Produce a word-for-word copy of the line that contains "this 450×320 image." and each line after it through the end of the material, omitting pictures and all other lines.

[Provided material]
═══

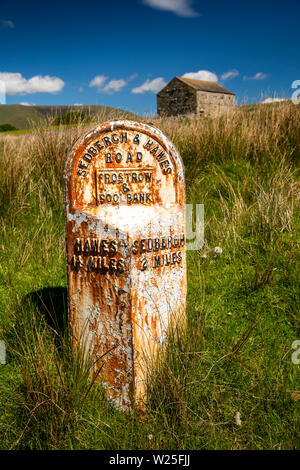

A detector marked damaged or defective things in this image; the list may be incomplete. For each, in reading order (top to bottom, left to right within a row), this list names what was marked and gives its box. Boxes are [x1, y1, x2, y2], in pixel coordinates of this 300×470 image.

rust stain on stone [64, 121, 186, 412]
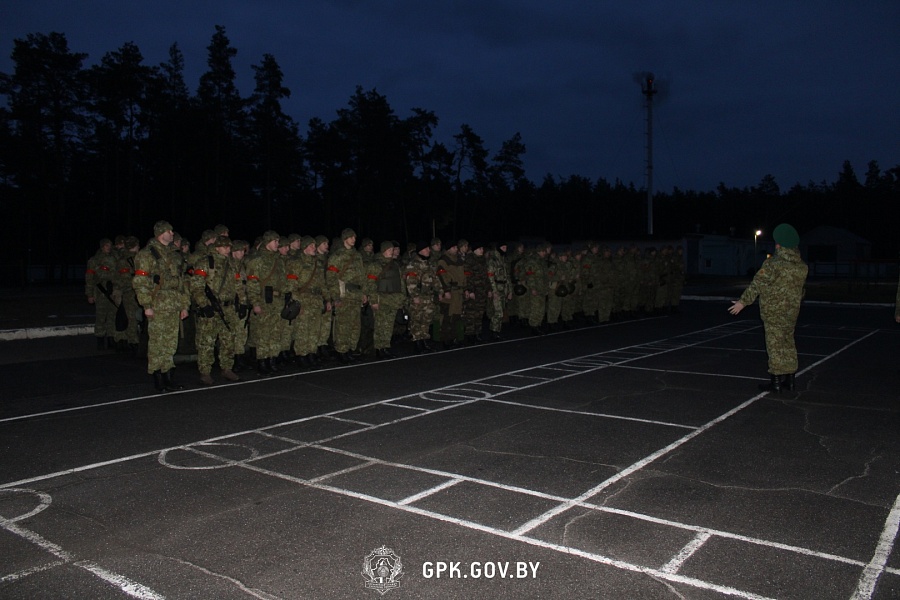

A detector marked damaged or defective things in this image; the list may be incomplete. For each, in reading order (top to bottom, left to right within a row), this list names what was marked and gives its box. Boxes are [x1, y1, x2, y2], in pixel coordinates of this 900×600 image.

cracked asphalt [1, 298, 900, 596]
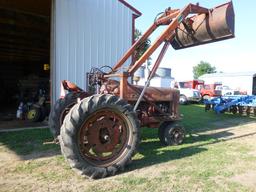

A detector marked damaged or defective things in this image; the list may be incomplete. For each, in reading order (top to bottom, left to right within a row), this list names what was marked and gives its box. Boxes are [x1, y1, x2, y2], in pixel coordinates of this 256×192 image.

rusty metal surface [171, 1, 235, 49]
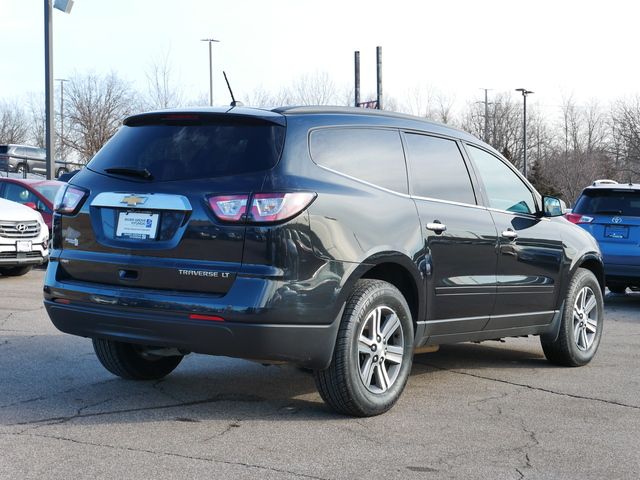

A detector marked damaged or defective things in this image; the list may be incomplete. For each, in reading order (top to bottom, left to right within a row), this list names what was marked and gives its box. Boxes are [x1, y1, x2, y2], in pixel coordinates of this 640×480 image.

cracked asphalt [1, 268, 640, 478]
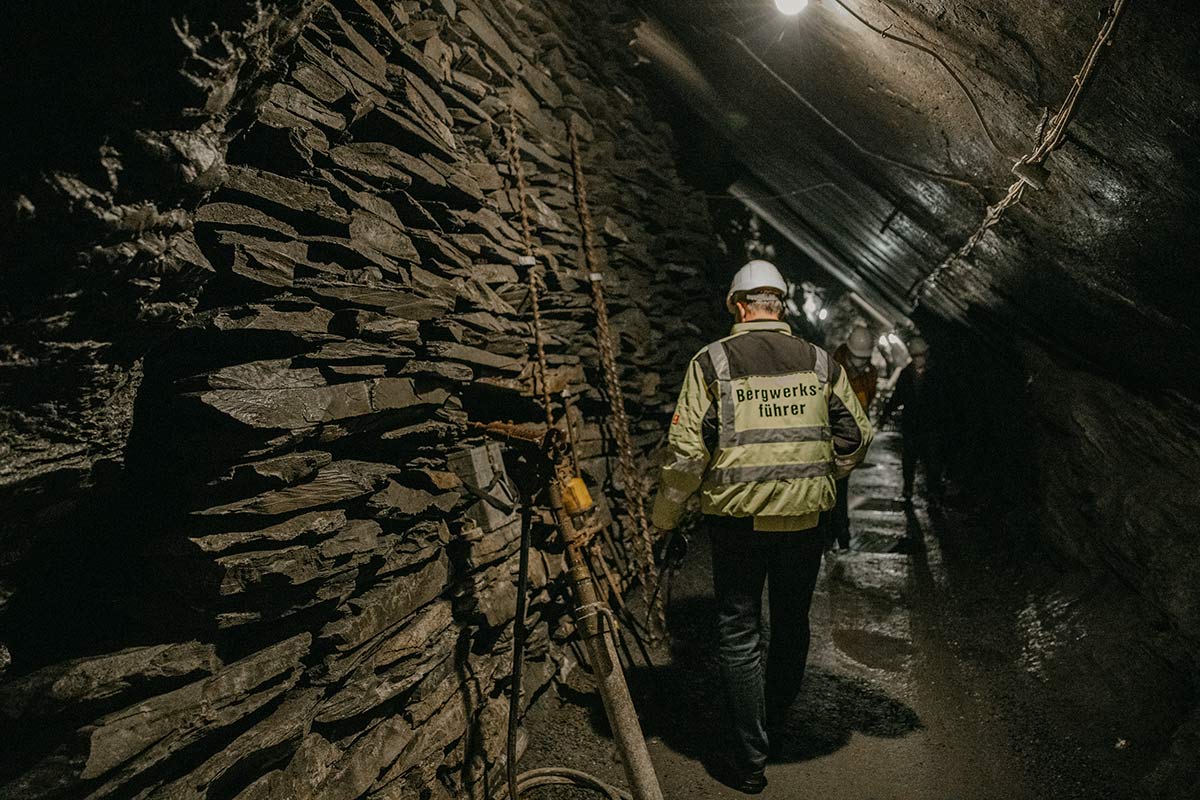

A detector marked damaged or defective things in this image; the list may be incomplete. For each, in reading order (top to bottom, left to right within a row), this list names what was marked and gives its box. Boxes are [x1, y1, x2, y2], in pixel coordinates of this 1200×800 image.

rusty chain [568, 117, 672, 638]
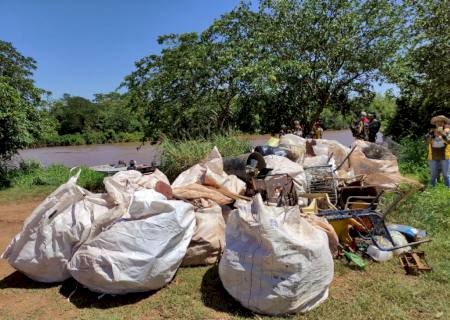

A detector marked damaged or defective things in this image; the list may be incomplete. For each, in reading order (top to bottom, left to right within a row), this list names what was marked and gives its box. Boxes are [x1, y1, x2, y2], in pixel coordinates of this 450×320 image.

rusty metal object [400, 250, 432, 276]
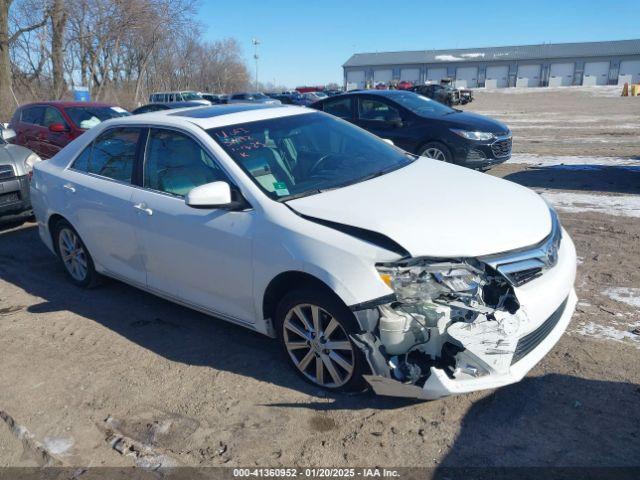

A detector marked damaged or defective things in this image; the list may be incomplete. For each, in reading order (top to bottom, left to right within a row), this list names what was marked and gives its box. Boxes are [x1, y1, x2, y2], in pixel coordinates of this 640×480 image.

damaged front end [352, 256, 532, 400]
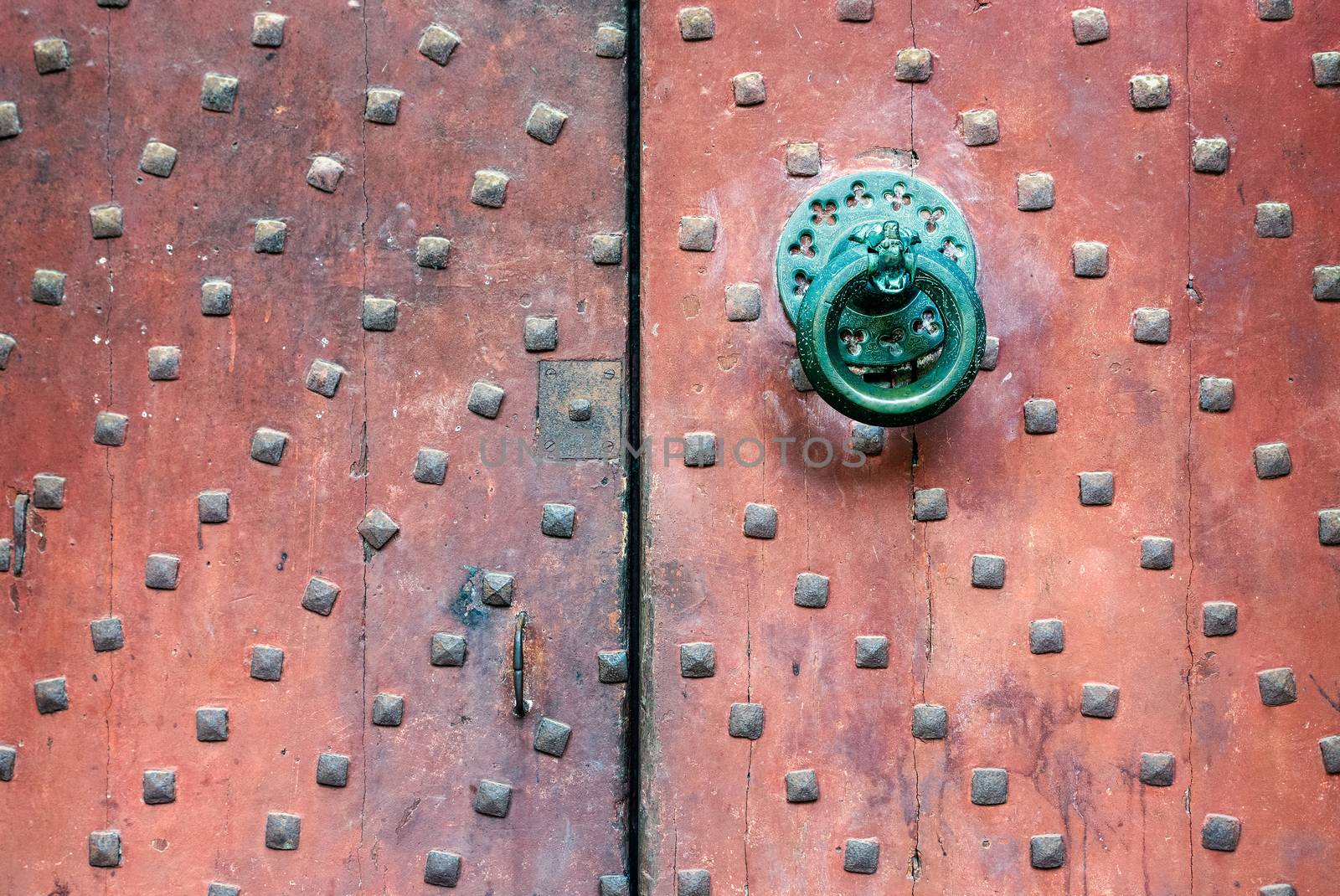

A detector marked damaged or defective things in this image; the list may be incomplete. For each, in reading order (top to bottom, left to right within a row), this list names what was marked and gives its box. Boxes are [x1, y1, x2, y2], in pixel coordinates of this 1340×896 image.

═══

[Task response]
A detector marked damaged or defective things in this image; the list may be incomplete. For each, in reading order (top to bottom, left to right within a row), this list names what was marked and gives its box. Boxes are [x1, y1, x2, y2], in pixel coordinates of this 450×320 image.

rusty metal object [400, 250, 432, 276]

A detector marked damaged or defective things in this image; the list may be incomplete. For each, in reading order (top to bottom, left to right within a row), this list names what was marked and gives its box. Boxes are [x1, y1, x2, y2], in pixel coordinates of this 640×480 image.

damaged front end [352, 256, 532, 400]

A detector marked damaged or defective things in this image; the list may be incomplete. For each, in reading order (top to bottom, left to right within a row), this list names what was marked and gives its box. Boxes are [x1, y1, x2, y2], in pixel coordinates of this 1340×896 image.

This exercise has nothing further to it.